The problem: Output the entire listing without altering anything.

Source material:

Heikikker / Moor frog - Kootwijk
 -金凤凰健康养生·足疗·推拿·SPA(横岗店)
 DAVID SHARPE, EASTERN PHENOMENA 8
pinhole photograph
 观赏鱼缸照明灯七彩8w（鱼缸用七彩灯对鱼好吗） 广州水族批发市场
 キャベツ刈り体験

Response to the exercise:
Heikikker / Moor frog - Kootwijk
 -金凤凰健康养生·足疗·推拿·SPA(横岗店)
 DAVID SHARPE, EASTERN PHENOMENA 8
pinhole photograph
 观赏鱼缸照明灯七彩8w（鱼缸用七彩灯对鱼好吗） 广州水族批发市场
 キャベツ刈り体験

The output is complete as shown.